Quote Originally Posted by Hulan View Post
The problem most people seem to have with Quest Chaining is three-fold. While nice in concept, the quests tend to be extremely dull and uninteresting (not entirely the developers' fault, it's pretty hard to make literally hundreds of quests all interesting without a lot of repeats).

The second reason is that it tends to be solitary in nature. While it could be designed otherwise, to my knowledge, every game that uses quest chaining has made the quests soloable. This results in an almost entirely solo experience from level 1 to cap, which many people find unappealing.

The third is reason is another design choice that could be avoided, but generally isn't. By it's nature, quest chaining moves you from place to place "conveyor belt" style through the game. Players almost never return to an area they have finished.

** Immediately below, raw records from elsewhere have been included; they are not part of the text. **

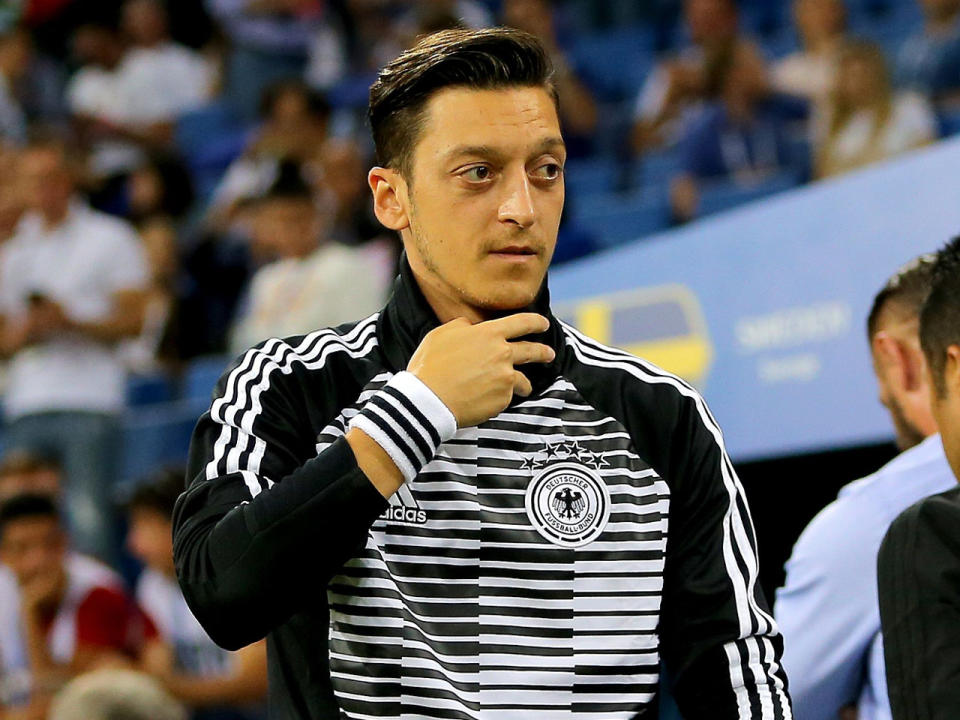 So kommentiert Mesut Özil das WM-Aus. (Bild-Copyright: Michael Zemanek/BPI/REX/Shutterstock)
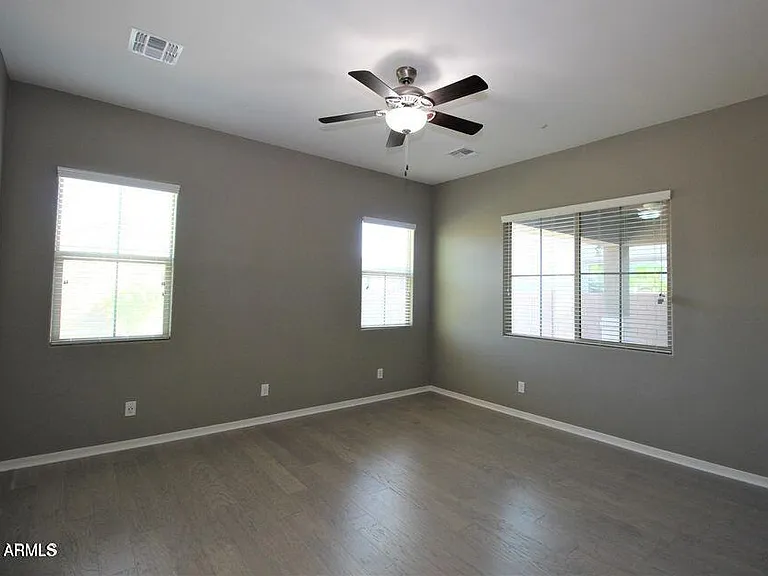 480 E Torrey Pines Pl — Photo 16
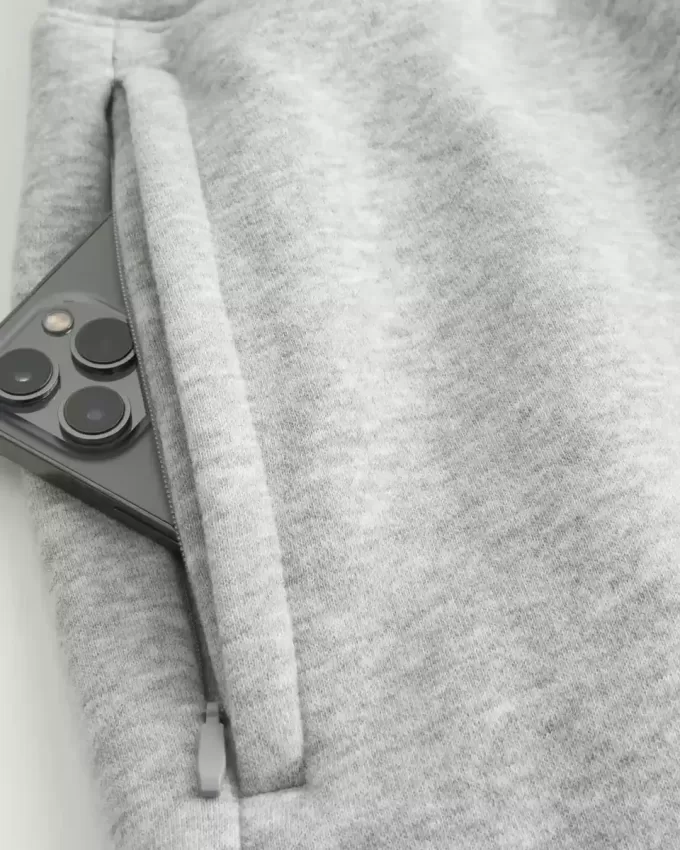 Mid-Thigh Loose Fleece Shorts Mid-Thigh Loose Fleece Shorts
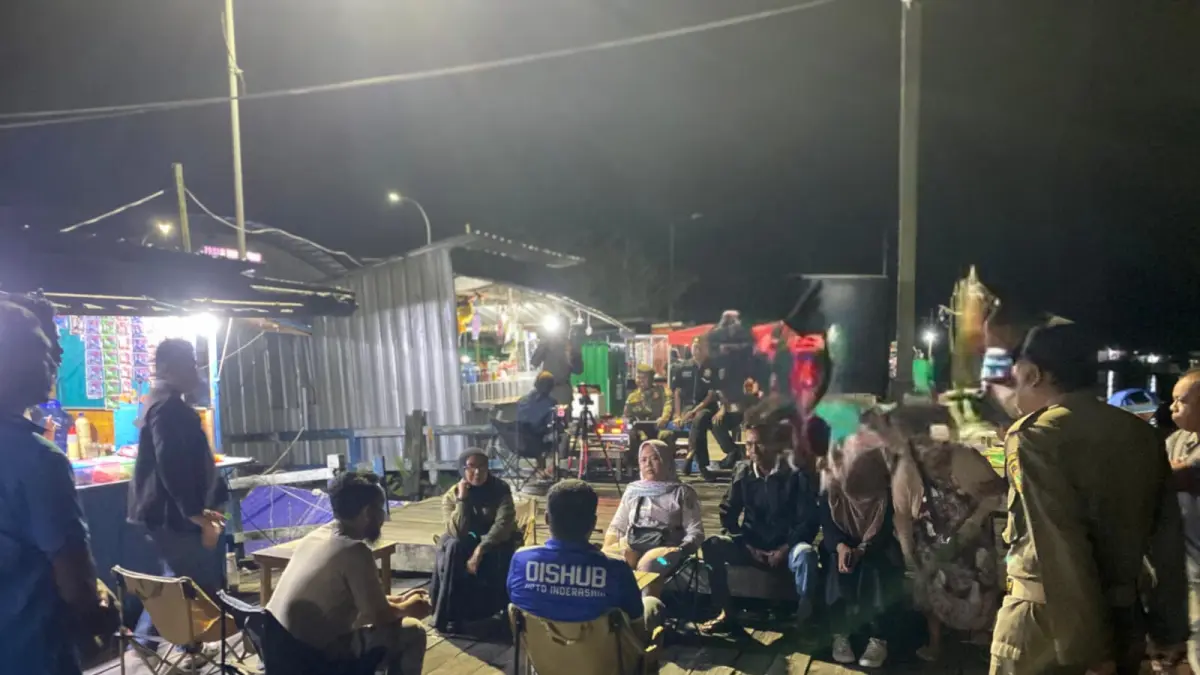 Mediasi antara warga dan pegiat seni di cafe dermaga Pasar Indra Sari, Kelurahan Baru, Kecamatan Arut Selatan, Kabupaten Kotawaringin Barat, Sabtu 16 Mei 2026 malam. (SATPOL PP KOBAR/RADAR SAMPIT)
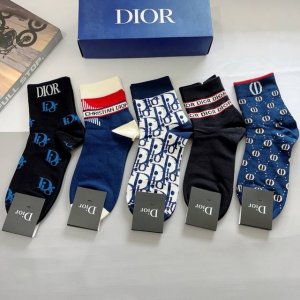 配包装 一盒5双 Dior 迪奥 新款小腿袜子！纯棉面料，火爆Ｄ图案，专柜同步中筒袜子，大牌出街，潮人必备超好搭
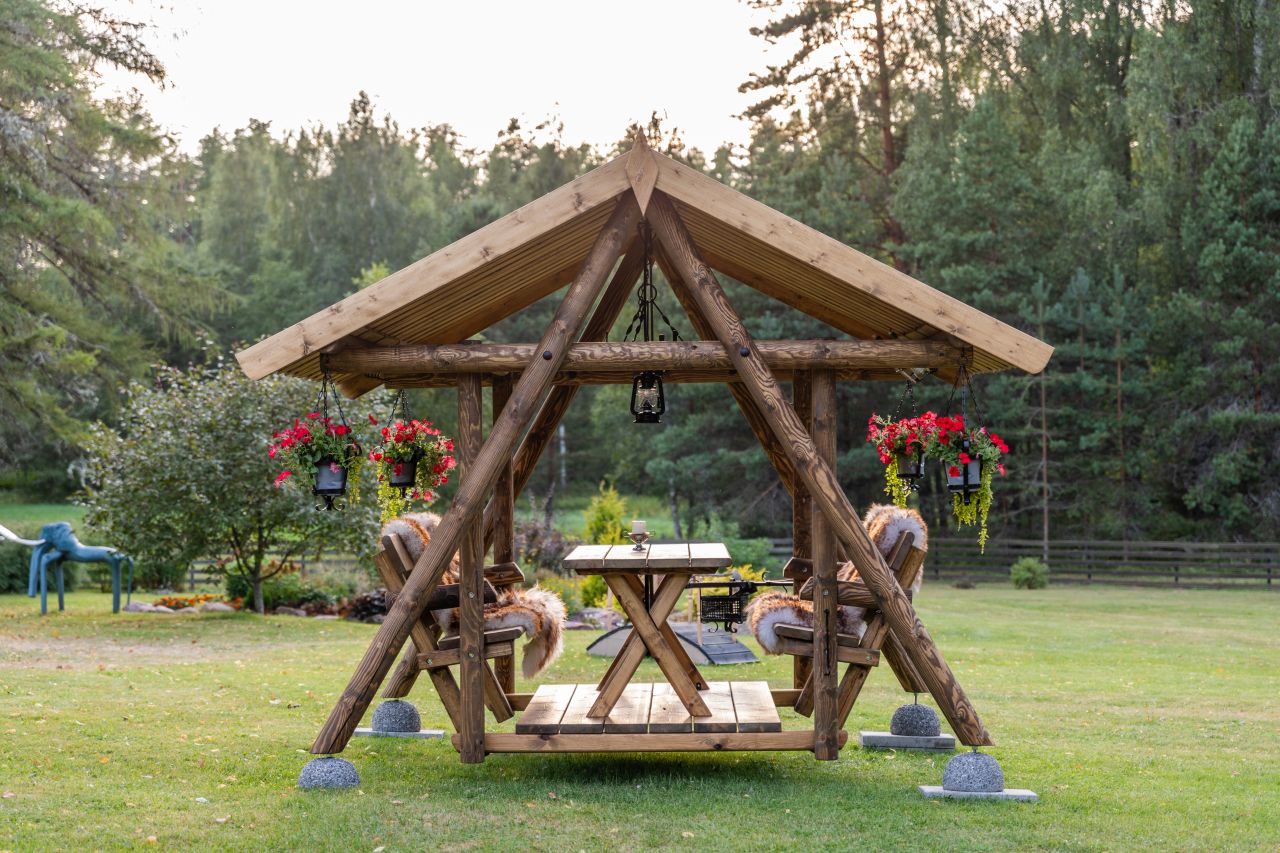 Arctic Finland House | Captain Jack Swing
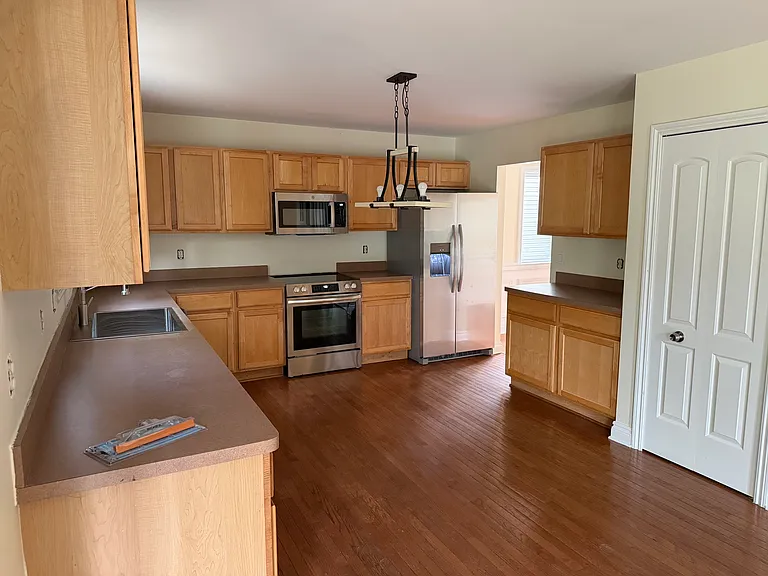 7137 Cambridge Dr — Photo 8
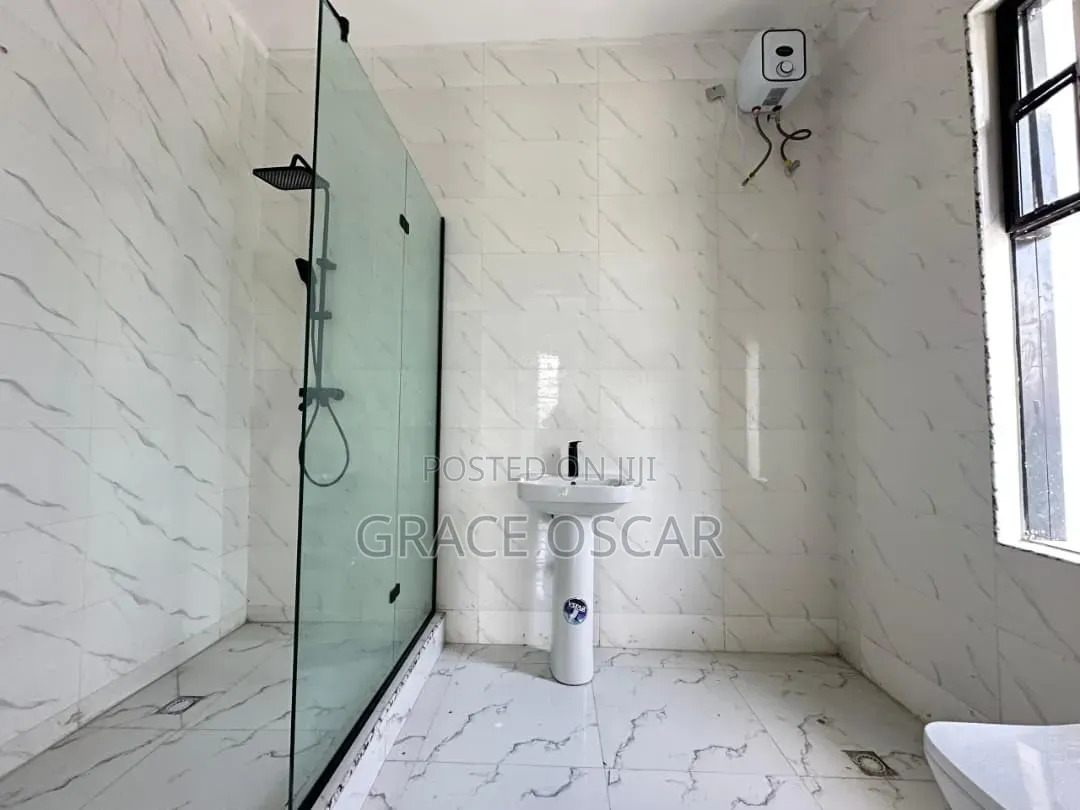 4bdrm Duplex in Lekki Expressway for rent in Lekki Expressway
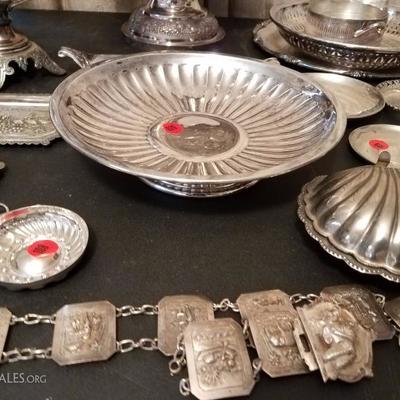 Lot-155 30 Pc Mixed Silver Plate Large Piece Lot
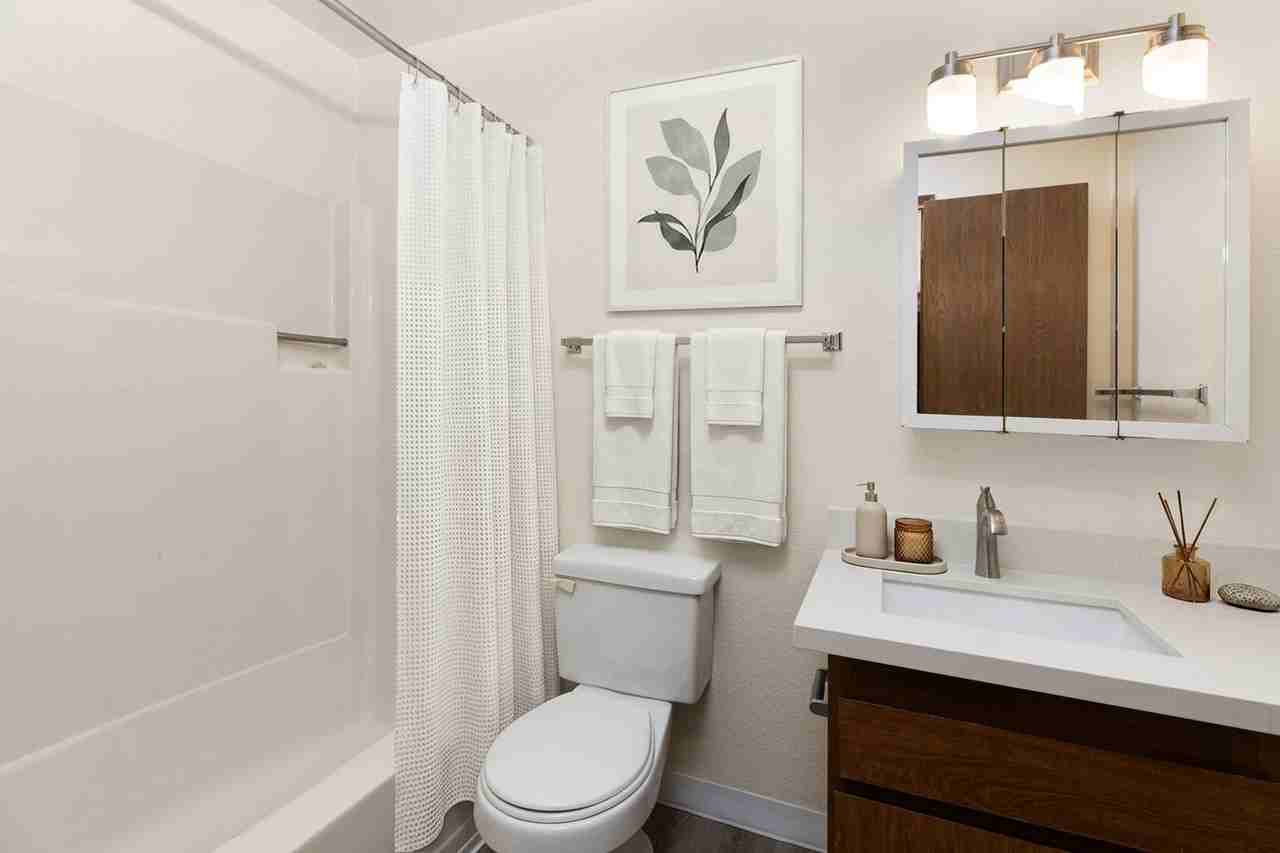 Imperial Crown Manor - Photo 6 of 19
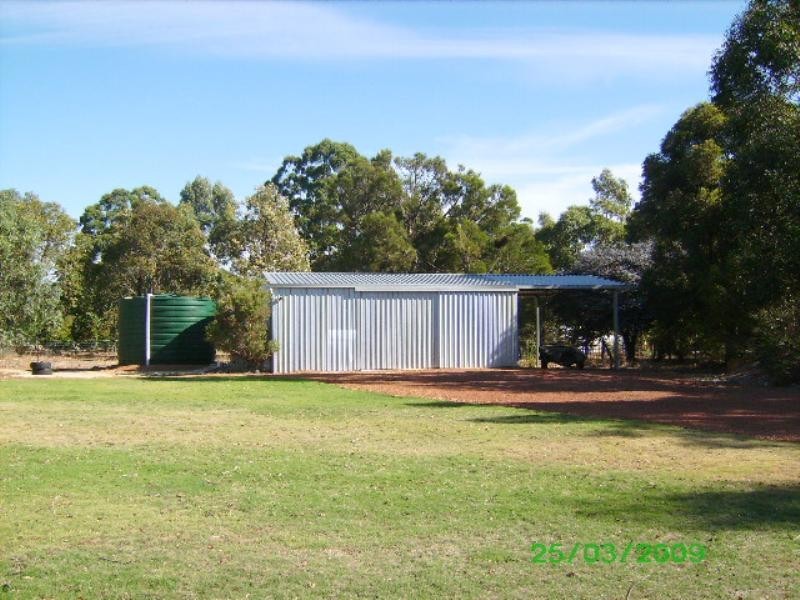 8 Wallengara Road, Bedfordale WA 6112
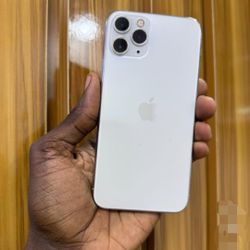 iPhone 11 Pro Unlocked With Warranty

For many, it quashes all sense of exploration and control that they have over their character.

Personally, I think "quest chaining" at it's simplest, could be outstanding. But as of yet, almost no one has accomplished the feat.
Aha, yes I see what you mean. I guess I have a good example myself, having played City of Heroes. There levelling is done basically exclusively through quest-based progression and I dare say they've refined it extensively. You proceed through a series of actually pretty interesting and diverse story arcs, at a point you even so far as hit a particular story arc that is about going back and doing previous arcs you've missed on 'extra hard' mode because there's time-travelling villains showing up. And then they also got entire party-based 'quest-chains' as well.

But yes, I do see how a badly-implemented system would feel pretty droll and I believe I now see where people's true problems lie with.